Let's face it. Nobody likes bullies.
But there we are, struggling against various forms of bullying on a daily basis. Yes, bullies may not be in the form of physical human beings. How about inflation and the rising cost of living? How about facing the sudden downpour in the middle of a nice afternoon picnic? Nobody likes being cowered into something or somewhere without choice. Yet it is how the world operates. With a push, there's a reaction. Even if one may sustain abuse in silence, there's always a threshold.
But who exactly are the bullies and victims?
Chris Shimojima (of Madeleine Zabel fame) has the full intentions of depicting an angle towards the subject matter. Nobody likes to be the aggressor for no apparent reason, but of course there might be minor exceptions where pure evil breeds. Everyone likes being adored and appreciated, everyone enjoys being well-liked and, even better, being popular among friends. But it's never easy being one. Some work real hard towards achieving it while others had a natural talent and make it appear all so simple.
JT, the protagonist (or antagonist, depending on how you perceive it) instilled a negative vibe right from the beginning.

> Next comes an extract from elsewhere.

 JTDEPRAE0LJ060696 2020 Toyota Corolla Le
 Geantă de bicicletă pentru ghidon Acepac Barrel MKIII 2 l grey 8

The short film opened with a random scene where JT instructed his friends to label him "badass". A sense of arrogance with a tint of desperateness was evident, in a way where probably no viewers would take a liking to him.

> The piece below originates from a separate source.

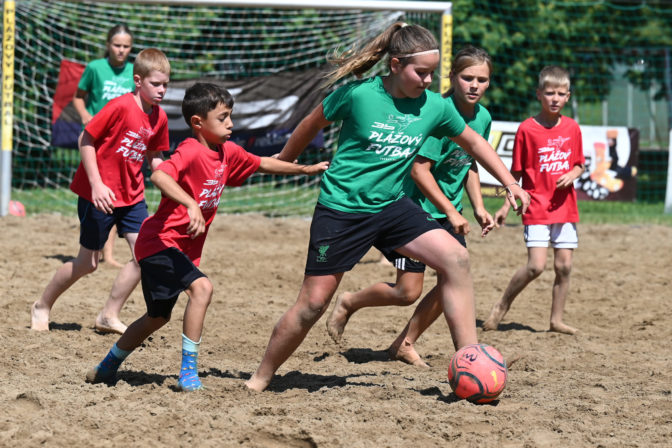 PLÁŽOVÝ FUTBAL: Majstrovstvá Slovenska  deti U 11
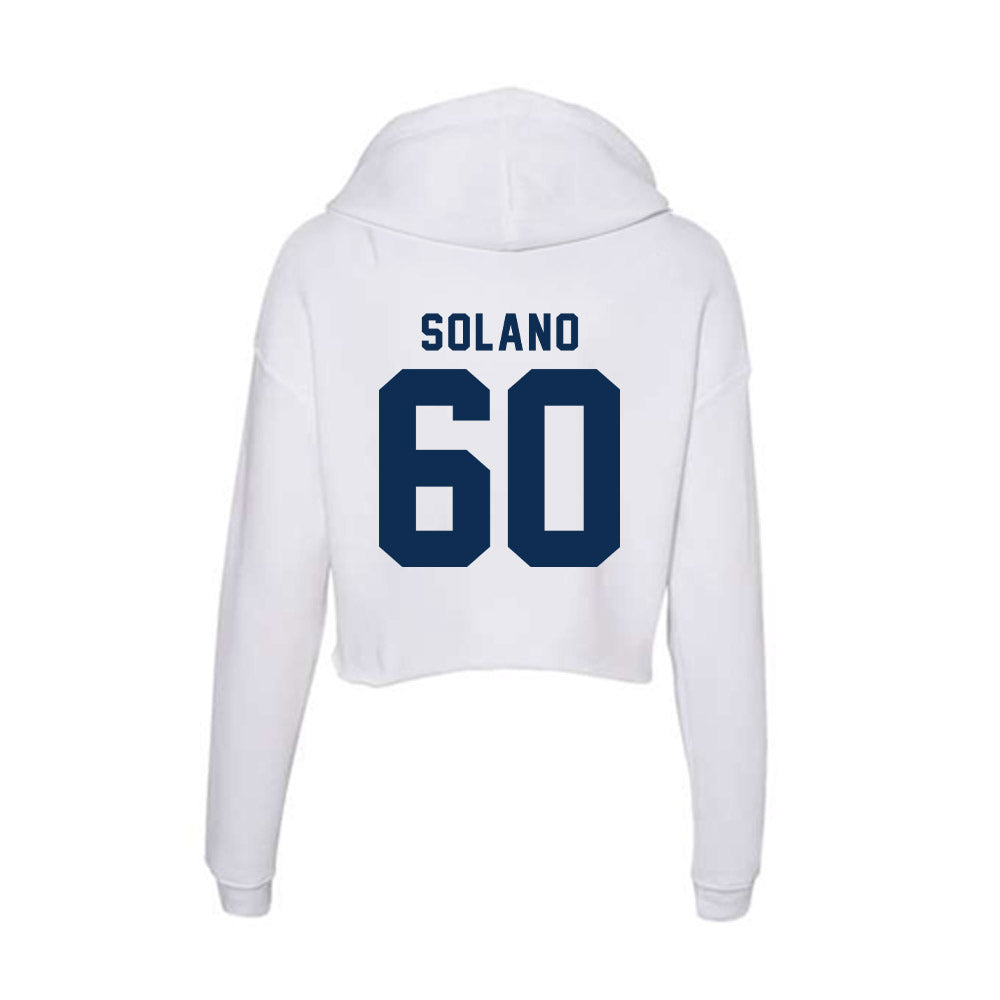 FAU - NCAA Football : Antonio Solano - Women's Crop Fleece Hoodie-1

But the mood set in by the dense music arranged by Cheryl Krugel-Lee kicked affairs off in a melancholic tone and it subsequently rendered the viewers a reason to believe that there's something wrong with JT. Through some erratic jump cuts depicting JT's inner self, it evoked a sense of progressive dire that built up to an inevitable conflict in the climax. That very climax would make or break your perspective of JT, depending upon how much you relate yourself to him.
It's my second time viewing Shimojima's work and I've to add that the short films thus far had given him great opportunities to tinker about in terms of style and direction. One trait that I'd managed to pick up was his interest in talkies - conversations.
JT vs the Good Guys had adopted an atmospheric style fueled impressively well by the music and cinematography (by Garrett Hardy Davis), but Shimojima nevertheless allowed the characters to mingle among themselves naturally with seemingly no leash on their dialogues. To be honest, I had expected monologues for a genre like this. But it was a pleasant surprise.
There were a few well-composed visuals of the surrounding scenery that added a lot of value to the production, which were soothing to both the eyes and mood. On a side note (sorry for being picky!), there's moments where the focus went soft and the hunting gave slight amount of distraction (which was amplified for me as I viewed it in full screen on a big screen).
Technically, JT vs the Good Guys was a much desired improvement over Shimojima's previous short Madeleine Zabel (but I must add that they were 2 different genres) in terms of cinematic look and feel. With an acute angle on bullying, this makes for a worthy 12 minutes viewing (which you can view in the player embedded below).
Looking very forward to Shimojima's next project!